Former Malaysian prime minister Najib Razak speaks to supporters outside a courtroom in Putrajaya on Aug. 23. (Ahmad Luqman Ismail/EPA-EPE/Shutterstock)

Former Malaysian prime minister Najib Razak on Tuesday began a 12-year prison term after losing his final appeal in a far-reaching case related to the massive looting of a state investment fund.

The 69-year-old, who from 2009 to 2018 held a firm grip on power, is the first former prime minister from Malaysia to be sent to prison. In 2020 he was found guilty of various crimes, including money laundering and abuse of power, but remained free while appeals were pending. He has maintained his innocence.

On Tuesday, a five-member panel of judges from Malaysia’s Federal Court concluded that Najib’s appeal was without merit and that the original High Court decision had been correct.

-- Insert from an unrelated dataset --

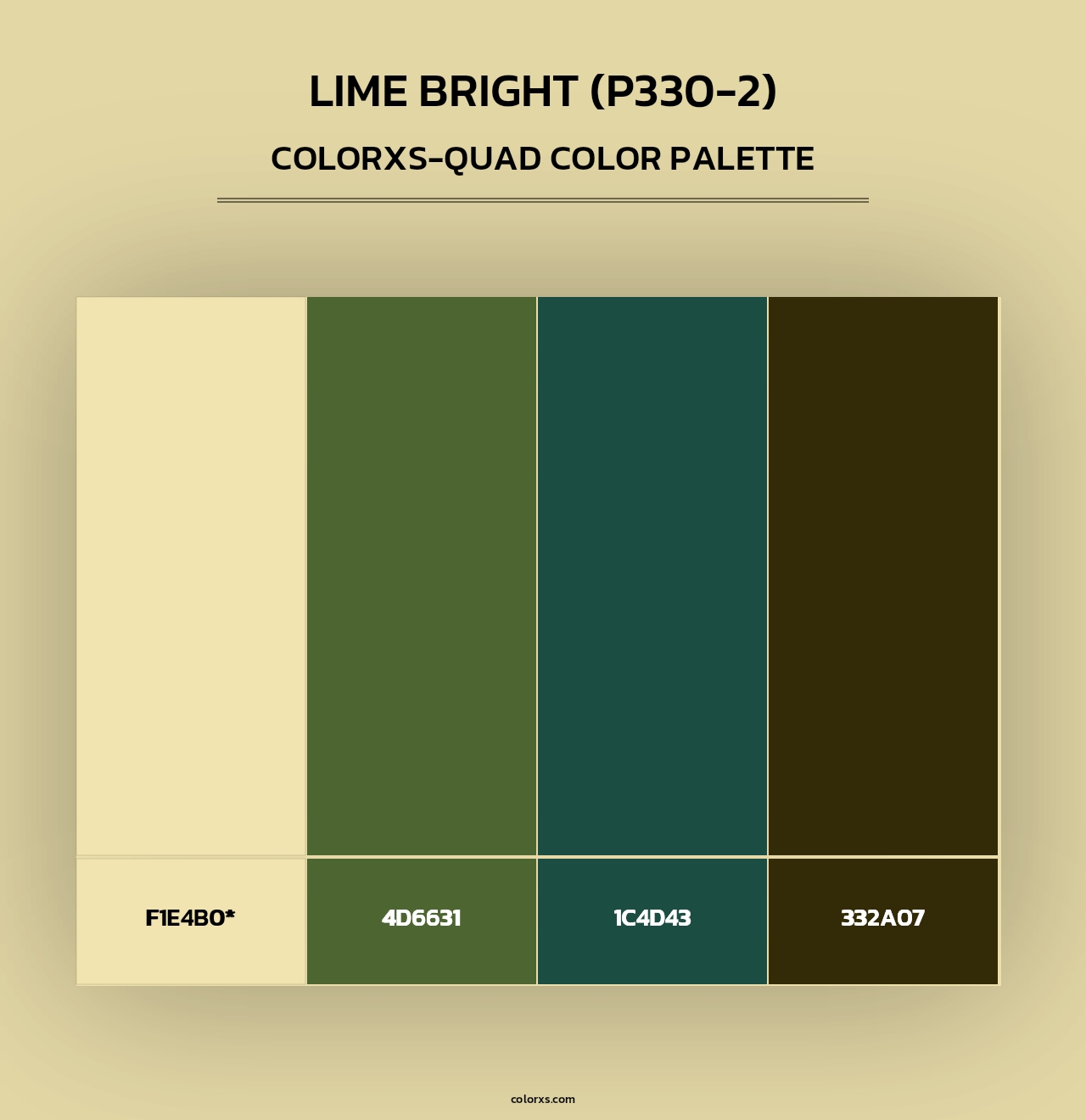 Lime Bright (P330-2) - Colorxs Quad Palette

His sentence is to be served at Kajang prison on the outskirts of Kuala Lumpur, and he is to be assessed a $47 million fine, the Associated Press reported.

“This is a simple and straightforward case of abuse of power, criminal breach of trust and money laundering,” Chief Justice Maimun Tuan Mat said as she announced the decision, according to the AP.

Najib’s imprisonment is the latest in a string of stunning developments in the case revolving around 1MDB, also known as the 1Malaysia Development Berhad, a state fund co-founded by the former prime minister during his first term in 2009. The U.S. Justice Department later found that at least $4.5 billion of the fund had been misappropriated by high-level officials in a global scandal.

The enormous scale of corruption drew in international finance groups including Goldman Sachs, which reached a $3.9 billion settlement with Malaysia to resolve criminal charges related to 1MDB in 2020. Money from the graft was involved in funding the Martin Scorsese film “The Wolf of Wall Street” and used to buy hotels in Beverly Hills and Vincent van Gogh paintings, according to investigators.

More than $1 billion in stolen money was sent to Najib, according to Malaysian authorities, though the charges that landed him to prison related to a specific $9.8 million payment.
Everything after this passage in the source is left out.